→ **Provided records**
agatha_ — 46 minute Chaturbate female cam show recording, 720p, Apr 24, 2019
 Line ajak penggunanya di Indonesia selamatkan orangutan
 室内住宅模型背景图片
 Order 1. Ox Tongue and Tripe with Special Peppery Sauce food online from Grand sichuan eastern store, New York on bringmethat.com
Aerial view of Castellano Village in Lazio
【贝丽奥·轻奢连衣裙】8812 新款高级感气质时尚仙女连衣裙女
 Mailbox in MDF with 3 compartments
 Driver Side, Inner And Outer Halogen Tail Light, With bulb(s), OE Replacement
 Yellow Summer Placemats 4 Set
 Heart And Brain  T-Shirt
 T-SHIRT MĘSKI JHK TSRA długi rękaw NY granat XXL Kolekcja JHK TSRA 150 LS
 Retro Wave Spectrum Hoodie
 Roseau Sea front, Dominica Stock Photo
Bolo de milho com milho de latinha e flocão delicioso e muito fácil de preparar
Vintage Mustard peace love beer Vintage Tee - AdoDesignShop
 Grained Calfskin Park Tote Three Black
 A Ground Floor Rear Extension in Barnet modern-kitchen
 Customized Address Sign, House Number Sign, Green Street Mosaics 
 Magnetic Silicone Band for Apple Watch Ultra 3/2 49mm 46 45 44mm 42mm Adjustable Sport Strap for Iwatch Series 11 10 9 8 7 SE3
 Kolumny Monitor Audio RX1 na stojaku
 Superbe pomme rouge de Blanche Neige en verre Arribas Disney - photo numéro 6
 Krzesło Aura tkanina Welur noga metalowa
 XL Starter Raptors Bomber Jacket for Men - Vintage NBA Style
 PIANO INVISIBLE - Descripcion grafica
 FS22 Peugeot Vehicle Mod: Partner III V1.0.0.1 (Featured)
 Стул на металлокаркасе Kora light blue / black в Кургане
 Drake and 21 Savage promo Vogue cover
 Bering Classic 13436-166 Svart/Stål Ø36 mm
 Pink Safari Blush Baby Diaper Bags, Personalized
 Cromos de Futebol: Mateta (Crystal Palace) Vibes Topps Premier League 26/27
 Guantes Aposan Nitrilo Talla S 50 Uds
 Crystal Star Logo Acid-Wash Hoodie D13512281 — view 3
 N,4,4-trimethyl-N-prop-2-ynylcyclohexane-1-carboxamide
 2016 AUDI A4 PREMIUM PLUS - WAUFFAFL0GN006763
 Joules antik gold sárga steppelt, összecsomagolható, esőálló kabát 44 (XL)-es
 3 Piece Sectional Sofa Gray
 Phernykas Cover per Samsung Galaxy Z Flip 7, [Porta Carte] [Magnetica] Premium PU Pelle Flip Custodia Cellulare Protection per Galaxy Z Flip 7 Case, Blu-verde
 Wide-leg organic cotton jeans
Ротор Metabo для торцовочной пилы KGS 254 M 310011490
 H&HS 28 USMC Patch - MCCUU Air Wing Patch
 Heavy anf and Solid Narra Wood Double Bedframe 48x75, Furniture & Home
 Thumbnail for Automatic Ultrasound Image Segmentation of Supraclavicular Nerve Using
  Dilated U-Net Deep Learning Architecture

→ **What you should do**
The whole listing above should be output again exactly.

→ **Completed task**
agatha_ — 46 minute Chaturbate female cam show recording, 720p, Apr 24, 2019
 Line ajak penggunanya di Indonesia selamatkan orangutan
 室内住宅模型背景图片
 Order 1. Ox Tongue and Tripe with Special Peppery Sauce food online from Grand sichuan eastern store, New York on bringmethat.com
Aerial view of Castellano Village in Lazio
【贝丽奥·轻奢连衣裙】8812 新款高级感气质时尚仙女连衣裙女
 Mailbox in MDF with 3 compartments
 Driver Side, Inner And Outer Halogen Tail Light, With bulb(s), OE Replacement
 Yellow Summer Placemats 4 Set
 Heart And Brain  T-Shirt
 T-SHIRT MĘSKI JHK TSRA długi rękaw NY granat XXL Kolekcja JHK TSRA 150 LS
 Retro Wave Spectrum Hoodie
 Roseau Sea front, Dominica Stock Photo
Bolo de milho com milho de latinha e flocão delicioso e muito fácil de preparar
Vintage Mustard peace love beer Vintage Tee - AdoDesignShop
 Grained Calfskin Park Tote Three Black
 A Ground Floor Rear Extension in Barnet modern-kitchen
 Customized Address Sign, House Number Sign, Green Street Mosaics 
 Magnetic Silicone Band for Apple Watch Ultra 3/2 49mm 46 45 44mm 42mm Adjustable Sport Strap for Iwatch Series 11 10 9 8 7 SE3
 Kolumny Monitor Audio RX1 na stojaku
 Superbe pomme rouge de Blanche Neige en verre Arribas Disney - photo numéro 6
 Krzesło Aura tkanina Welur noga metalowa
 XL Starter Raptors Bomber Jacket for Men - Vintage NBA Style
 PIANO INVISIBLE - Descripcion grafica
 FS22 Peugeot Vehicle Mod: Partner III V1.0.0.1 (Featured)
 Стул на металлокаркасе Kora light blue / black в Кургане
 Drake and 21 Savage promo Vogue cover
 Bering Classic 13436-166 Svart/Stål Ø36 mm
 Pink Safari Blush Baby Diaper Bags, Personalized
 Cromos de Futebol: Mateta (Crystal Palace) Vibes Topps Premier League 26/27
 Guantes Aposan Nitrilo Talla S 50 Uds
 Crystal Star Logo Acid-Wash Hoodie D13512281 — view 3
 N,4,4-trimethyl-N-prop-2-ynylcyclohexane-1-carboxamide
 2016 AUDI A4 PREMIUM PLUS - WAUFFAFL0GN006763
 Joules antik gold sárga steppelt, összecsomagolható, esőálló kabát 44 (XL)-es
 3 Piece Sectional Sofa Gray
 Phernykas Cover per Samsung Galaxy Z Flip 7, [Porta Carte] [Magnetica] Premium PU Pelle Flip Custodia Cellulare Protection per Galaxy Z Flip 7 Case, Blu-verde
 Wide-leg organic cotton jeans
Ротор Metabo для торцовочной пилы KGS 254 M 310011490
 H&HS 28 USMC Patch - MCCUU Air Wing Patch
 Heavy anf and Solid Narra Wood Double Bedframe 48x75, Furniture & Home
 Thumbnail for Automatic Ultrasound Image Segmentation of Supraclavicular Nerve Using
  Dilated U-Net Deep Learning Architecture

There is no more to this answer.